For anyone in southern California who had experienced FOMJ (fear of missing Joni) when Brandi Carlile led “Joni jams” with Joni Mitchell last year at the Newport Folk Festival or earlier this year at the Gorge, there was finally an antidote for that. Mitchell was — as hoped — one of the guests at the “Brandi Carlile and Friends” show Saturday night at the Hollywood Bowl, singing her classics “Circle Game, “Ladies of the Canyon” and “Shine” along with the full cast of participants gathered around her.
The guest list was quite expansive beyond the climactic mini-set of Mitchell material, with Annie Lennox making a rare live appearance to join Carlile in dueting on three songs, “Why,” “No More ‘I Love You’s” and the Eurythmics number “Love Is a Stranger.” Lennox expressed gratitude for getting a set-within-a-set, saying she would not be on stage without Carlile, with the latter expressing in turn that she would not be doing anything musically at all without Lennox paving the path.
Other performers who got individual turns in the spotlight before they supported Mitchell at the end included Allison Russell, Lucius, Blake Mills, SistaStrings and Wendy & Lisa.

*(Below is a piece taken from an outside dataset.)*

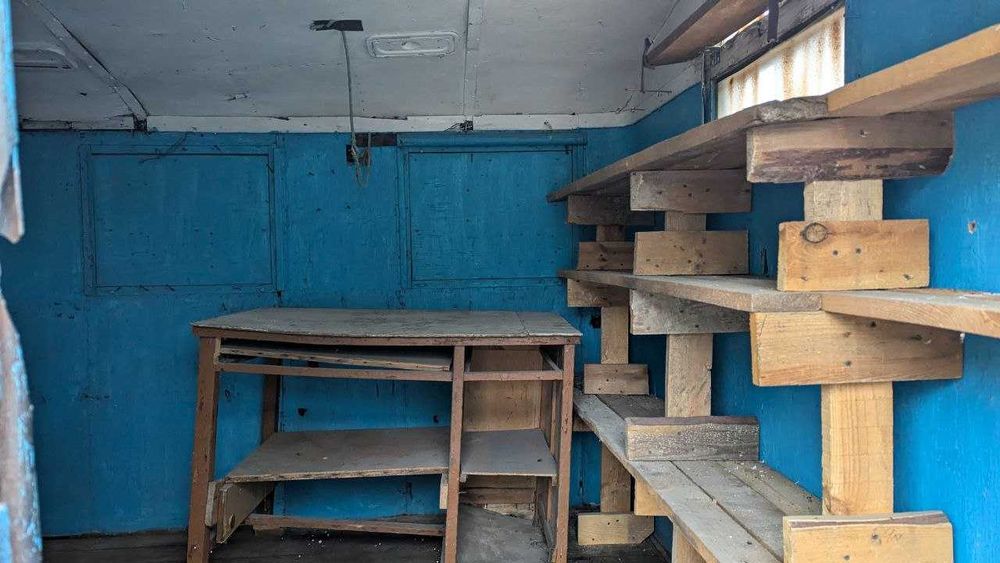 Продам побутівку (кунг)
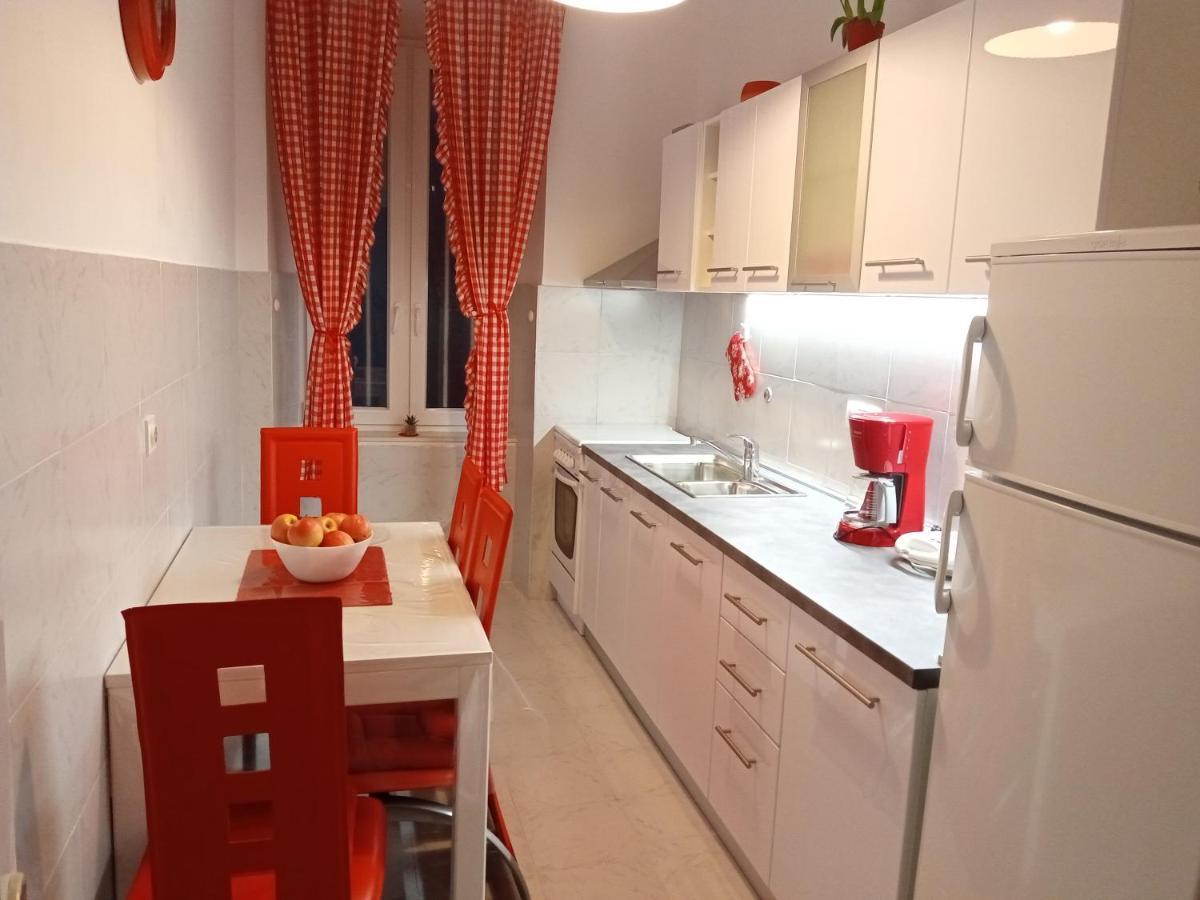 Apartment Red Coral Dubrovnik Eksteriør billede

As the full cast settled in for the final, Mitchell-honoring stretch, the central guest of honor exulted in the accolades. “Thank you for doing this for me. You make me feel so cool!” said Mitchell, grinning.
Mitchell was revealed as the show entered its final stretch when the Bowl stage revolved and she was already seated on a throne, surrounded by the full cast, joining her in being seated on couches, as is customary at “Joni jams,” whether they take place privately at her home near Santa Barbara or, now, publicly at Newport, the Gorge and the Bowl.
“Joni’s a party animal, you guys,” said Carlile. “Joni throws the best parties in Los Angeles.” Mitchell chimed in with assent: “I like to party.”
Referring back to their last appearance together at the Gorge in Washington in the spring, Carlile noted that Mitchell had looked on with a slight look of disapproval, or wonderment, at seeing Carlile drinking straight from the bottle on stage. “What was it you called me?” asked Carlile. “I called you ‘Butch,'” Mitchell responded.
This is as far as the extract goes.